With both Robert and Alfred joining the army to fight in the
Boer War the cavalcade of twentieth century events spoken
in the film's title begins with them boarding ships to fight
in a far-off land. Over 34 years both fathers return home
safely from service in South Africa just as Robert and Jane's
boys, Edward (John Warburton/Dick Henderson) and Joe (Frank
Lawton/Douglas Scott), grow into adulthood as does Ellen and
Alfred's daughter, Fanny (Ursula Jeans/Bonita Granville).
Along
the way Alfred buys a bar but is killed in the street by a
passing carriage during a drunken brawl. Edward falls in love
with a childhood friend named Edith (Margaret Lindsay/Sheila
MacGill) but dies on the ill-fated Titanic. Joe longs for
war and enlists against Germany in 1914. Fanny turns her childhood
fascination with dance and song into a career and falls in
love with Joe although he's killed at the end of World War
I before they can marry.
Robert and Jane remain in love and prosper even as they are
crushed under the weight of changing times. Ellen grows older
enjoying the comforts provided by her daughter's career success
and the movie ends on New Year's Eve 1933 on the eve of a
new global conflict centered in Nazi Germany.

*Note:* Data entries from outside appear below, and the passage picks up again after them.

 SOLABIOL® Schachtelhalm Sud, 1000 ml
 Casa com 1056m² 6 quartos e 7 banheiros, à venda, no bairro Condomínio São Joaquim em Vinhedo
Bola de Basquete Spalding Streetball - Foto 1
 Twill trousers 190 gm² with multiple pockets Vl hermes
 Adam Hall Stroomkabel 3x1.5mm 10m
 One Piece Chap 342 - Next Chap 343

Seen through the prism of maturity, suffering and remarkable
optimism best expressed through the Marryots and their concluding
remarks, Cavalcade becomes a highly literary condemnation
of war and needless sacrifice. To the extent the film is successful
is in its small-scale, intimate encounters between two or
three characters in conversation. Likely stemming from Coward's
play as adapted by Reginald Berkeley, some of these moments
seem pedantic. Yet their overall effect is to sketch a class-stratified
microcosm of early twentieth century British society to conjure
a sense of its struggle to remain pre-eminent in the world.

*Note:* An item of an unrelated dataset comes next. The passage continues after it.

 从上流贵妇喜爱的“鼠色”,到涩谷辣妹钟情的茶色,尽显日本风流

Where the film strays from being a completely successful screen
drama is in the sharp criticism it focuses on war, generally,
and the resulting negative effects on Britain as symbolized
by the fates of the Marryots and Bridges. Though the sentiment
is undeniably resonant, it can seem stagy and overly theatrical,
especially when included in theatrical soliloquy to the camera.
Even as the actors and actresses work to convince us of their
struggles and problems they address us as if we are a live
audience, or else an external device for expressing their
internal psychological states. This break from dramatic tension
eliminates much of the script's continuity and ruins part
of the movie's overall effect.
Partially
the fault of Academy Award-winning director, Frank Lloyd,
and partially the purpose of the Coward source text, Cavalcade's
vignette structure from 1899 through 1933 builds this artificial
organization into human events. That this structure includes
a number of implausible coincidences lets the movie include
a sweeping historical ark often considered fulfilling to movie
critics simply for the epic scale. Such coincidences can be
useful for encouraging audience excitement and giving opportunities
to showcase elements of a film's production design, William
S. Darling's work on this project as a particularly terrific
example. Such coincidence also stretches believability when
we are asked to accept that at least one of the seven members
of the Marryot and Bridges families experience the Boer War,
Queen Victoria's funeral procession, the Titanic's maiden
voyage, World War I, zeppelin raids on London and the armistice
of 1918.
Curiously one trope borrowed for the production from silent
movies to make sense of its historical ark is the explanatory
title used to set the filmmaker's point-of-view and define
the film's setting. Opening the picture with a few paragraphs
we're given a common foundation along with other titles sprinkled
throughout the film's length giving us the year for what's
happening on-screen. This kind of title use is both a strength
and weakness. While the film's 34-year journey is put in chronological
order to make events more sensible, especially with regards
to Edward, Joe and Fanny who become adults in the movie, it's
also an artificial means to order dramatic events instead
of letting elements within the script given them a natural
purpose.
Cavalcade ends up being domestic melodrama that remains inoffensive
though very specifically dated to its moment of production.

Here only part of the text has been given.